As the environmental impact is critical for industry sustainability, early quantifying Greenhouse Gas (GHG) emissions of offshore units represents a central role and step-change improvement across the O&G value chain. Developing an overarching realistic model to estimate GHG emissions is a challenge due to the different methodologies available, the complexity of offshore installations, and the degree of uncertainty in the estimation of emission factors.

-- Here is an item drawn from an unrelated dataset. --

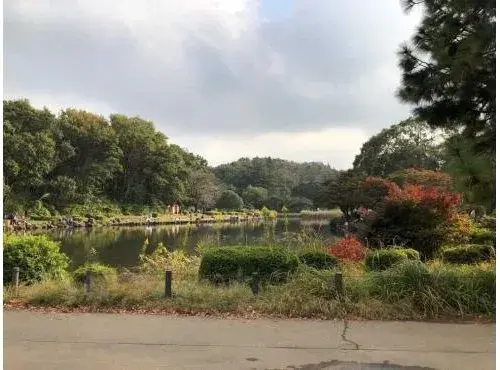 4LDK Yokohama City Kanagawa Prefecture (27)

The present work focuses on the earlier stages of new development, notably in Front End Loading-1 (FEL-1) and FEL-2, i.e., opportunity identification and conceptual engineering studies, respectively. The primary objective of this study is to propose an innovative modeling methodology to quantify Greenhouse Gas (GHG) emissions in offshore production facilities. Since E&P companies consider current and future carbon dioxide equivalents (CO2e) emissions as a factor into capital projects economics, this study additionally proposes a semi-empirical model for OPEX calculation considering the impact related to emissions (on a CO2e basis).
Emissions of GHG in the O&G industry typically occur from one of the following general source classes: (i) combustion sources, including both stationary devices and mobile equipment; (ii) process emissions and vented sources; (iii) fugitive sources; and (iv) indirect sources. The projection of carbon emission costs along the asset life cycle is performed to simulate the economic impact of such emission on an OPEX perspective. After estimating the CO2e emissions, the procedure consists of using the "Carbon Emission Cost Projection" to calculate the cost of the CO2 emitted and penalize the OPEX of the evaluated alternative.
The proposed model can be used to estimate Carbon Footprint for each one of the several conceptual engineering alternatives evaluated during the conceptual phase of the project, improving not only the techno-economic analysis but also the decision-making process of Capital Projects in the O&G Industry.